• **Work instructions**: Your output must be the lines below from the line containing "furnished clubroom with high ceilings" to the line containing "People entering a house for rent.", both lines included, reproduced exactly and without pictures.

• **Excerpted data**:
-=-=-
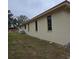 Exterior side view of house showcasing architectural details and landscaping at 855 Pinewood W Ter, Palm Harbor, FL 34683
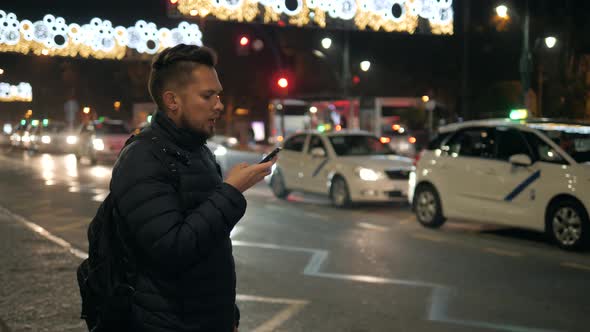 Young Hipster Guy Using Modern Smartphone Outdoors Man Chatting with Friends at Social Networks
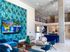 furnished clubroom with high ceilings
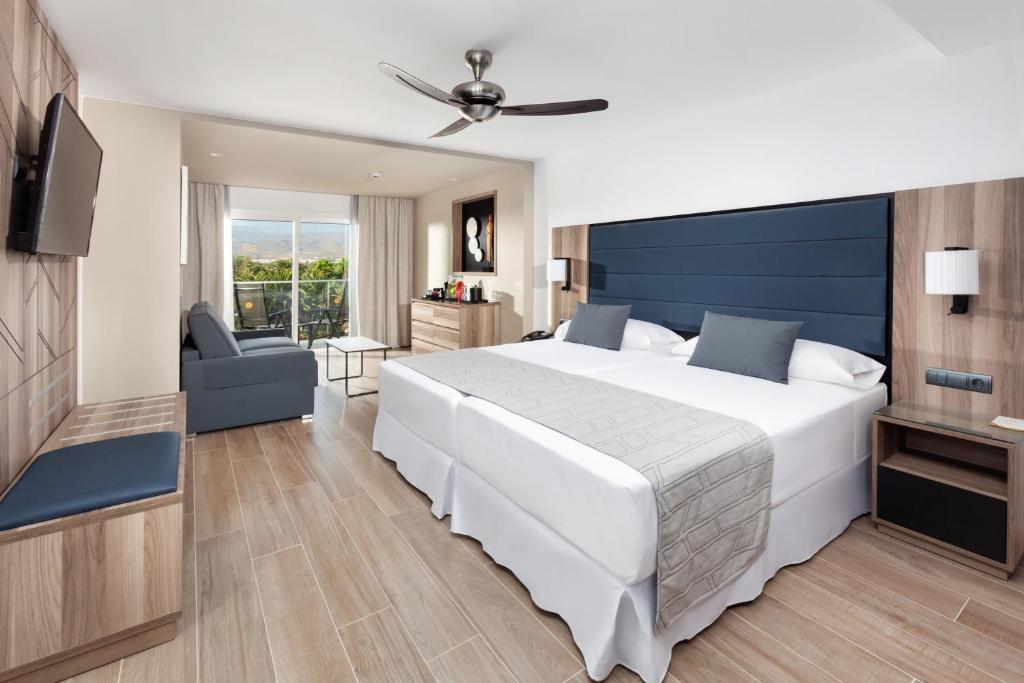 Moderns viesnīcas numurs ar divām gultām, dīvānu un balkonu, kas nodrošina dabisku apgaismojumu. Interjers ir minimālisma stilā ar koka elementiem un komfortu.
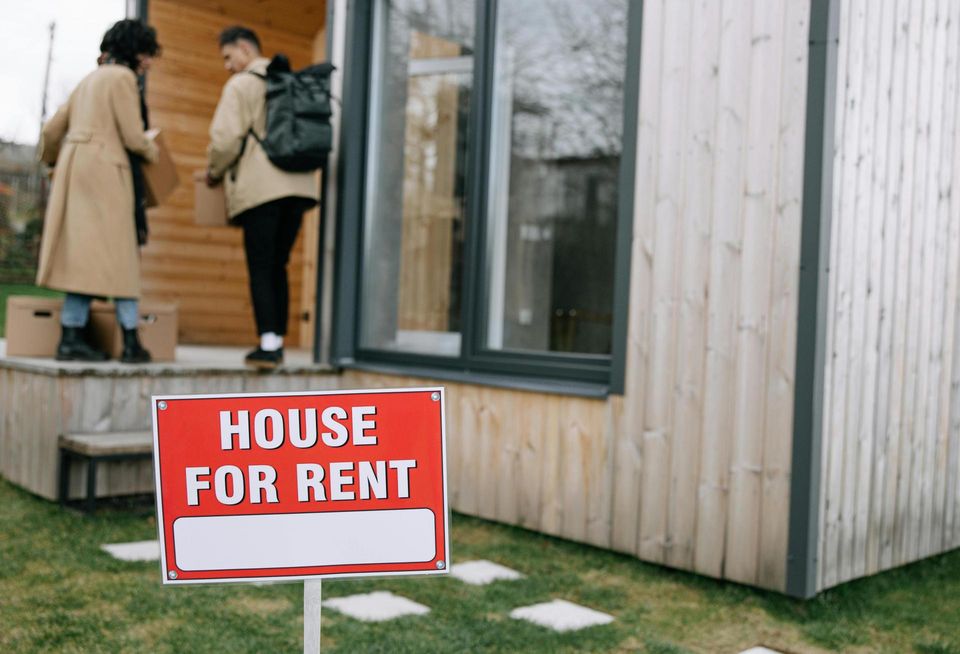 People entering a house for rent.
-=-=-
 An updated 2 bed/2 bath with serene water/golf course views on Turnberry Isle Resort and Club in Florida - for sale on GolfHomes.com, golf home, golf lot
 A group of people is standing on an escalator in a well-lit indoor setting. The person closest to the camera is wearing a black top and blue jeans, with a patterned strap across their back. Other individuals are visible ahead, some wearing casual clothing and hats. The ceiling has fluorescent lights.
-=-=-
• **Answer space**:
 furnished clubroom with high ceilings
 Moderns viesnīcas numurs ar divām gultām, dīvānu un balkonu, kas nodrošina dabisku apgaismojumu. Interjers ir minimālisma stilā ar koka elementiem un komfortu.
 People entering a house for rent.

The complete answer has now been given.